In practice, there tends to be little, if any, accountability for SROs and their racist and violent treatment of students in MPS and across the US. Although there isn’t much publicly available data regarding discipline of SROs, except for various accounts of firings after public outrage, there are close to no instances where SROs are charged or convictions after they inflict violence against students. Further, MPS’ former ties with MPD might indicate that there is a large discrepancy of disciplinary action against SROs that mistreat students. As, for MPD, it was reported in data analysis conducted by CNN that only “about 1.5% of complaints filed against Minneapolis police have resulted in suspensions, terminations or demotions between 2013 and 2019.” 

With the introduction of PSSS, there is no publicly available information regarding a disciplinary process if there were misconduct on their part towards students. By default, this excludes students, teachers, and parents from having any say over the policing within the schools they are part of. 

The group Student Movement Activists of South High (SMASH) is proposing the creation of a Civilian Police Accountability Council (CPAC) within MPS, and South specifically, to act as an avenue of accountability for SROs, PSSS, and other police within MPS.

TCC4J has been pushing for a city-wide CPAC for numerous years alongside the National Alliance Against Racist and Political Repression (NAARPR), and the campaign for a Minneapolis CPAC ramped up during this past summer. Yates describes that CPAC is a concept first put forth by the Black Panthers in Oakland. “It is the idea that police departments should not self police but rather should be under the direct control of the communities in which they exist.”

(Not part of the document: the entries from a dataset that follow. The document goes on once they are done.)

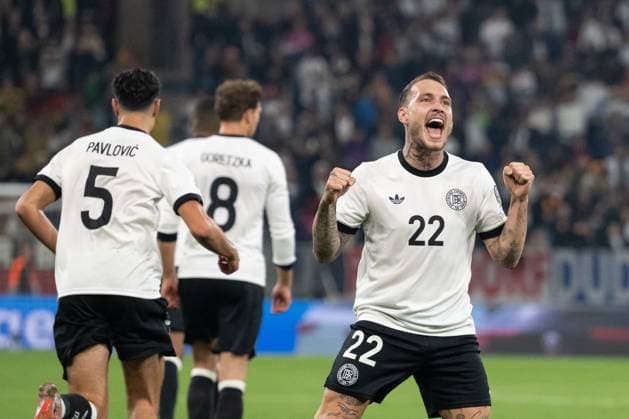 Goal for 1 0 by David Raum Germany, 22 , free kick goal, cheering, goal celebration GER, Germany vs. Luxembourg, Football, Men, World Cup Qualification Europe, Matchday 7, Season 2025 2026, 10 10 2025, GER, Germany vs. Luxembourg, Football, Men, World Cup Qualification Europe, Matchday 7, Season 2025 2026, 10 10 2025 Sinsheim Copyright: xEibner-Pressefoto WolfgangxFrankx EP_WFK
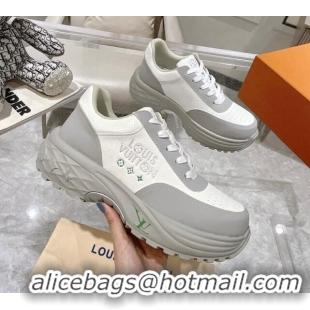 Purchase Louis Vuitton Men's Signature Grained Leather Sneakers Grey/White 905114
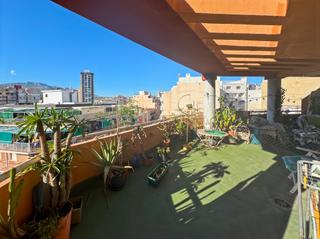 Pis  Calle del marqués de comillas. Exclusiva vivienda con gran terraza y vistas al mar en benidorm!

Further, Yates highlights how CPAC is related to the self-determination of communities, and that it is the “actual entity that would be formed to regulate and discipline police.” To Yates, self-determination is the main principle of community control, as when “people are paying taxes to pay for public safety but that entity doesn’t represent their interests, that’s an issue.” Yates emphasizes that public safety “should not be implemented via one-size-fits-all solutions, nor should it be decided by those who are least impacted by the public safety system.” They then give the example of the Minneapolis city council members being disconnected from the daily experiences of living in overpoliced areas, yet simultaneously deciding the fate of the MPD, to illustrate the issue of less-impacted folks making decisions about the MPD. 

Additionally, Yates describes the dynamic that underlies policing in schools as one where students have autonomy taken away, which is preparing students “to be helpless in the face of institutions when they should be fostering their sense of collective responsibility and ethics.” They describe the ways in which SROs, and other police in schools, force the normalization of living under a police state from a young age, and describe the necessity of continued student resistance to policing in places of learning. Yates also notes that because “SROs and university police are an extension of the police force and therefore brutalize and target students of color in the same way that police do outside of schools.” 

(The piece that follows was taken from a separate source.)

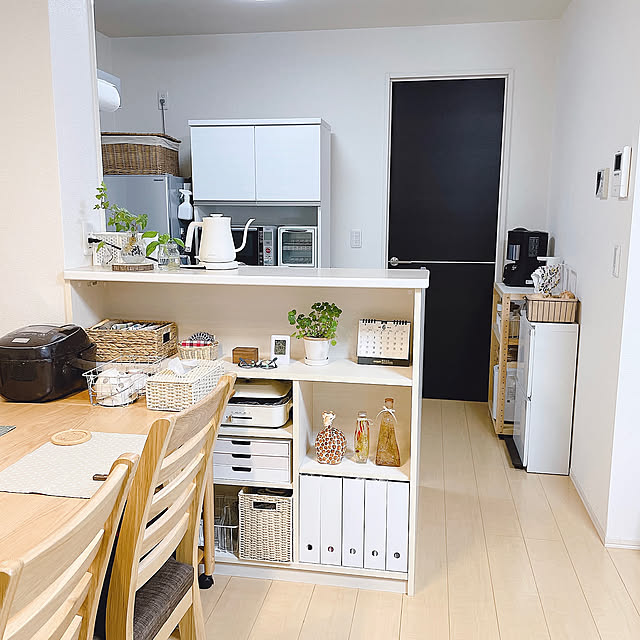 ブルーノホットプレート,カゴ収納,ニトリ,セリア,シンデレラフィット,カウンター下,カウンターキッチン,2LDK,ナチュラル,二人暮らし,賃貸,Overview asuの部屋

Yates compares the fights against militarized policing in Minneapolis to those against militarized policing in Minneapolis Public Schools, namely stressing that neither are appropriate inside or out of schools. On that same note, they recognize that “some people object to community control being introduced to high schoolers” but make the point that “minors should still have a say in how they are treated in their schools because minors are human beings that deserve to have their autonomy respected.”

Altogether, when the pandemic gets under control and schools go back to in-person learning, we will get a better picture of how the policing of South, and Minneapolis Public Schools in general, will have changed or remained the same with the introduction of the supposedly new “Public Safety Support Specialist” role, while also getting a better idea about what resistance to policing in schools will look like.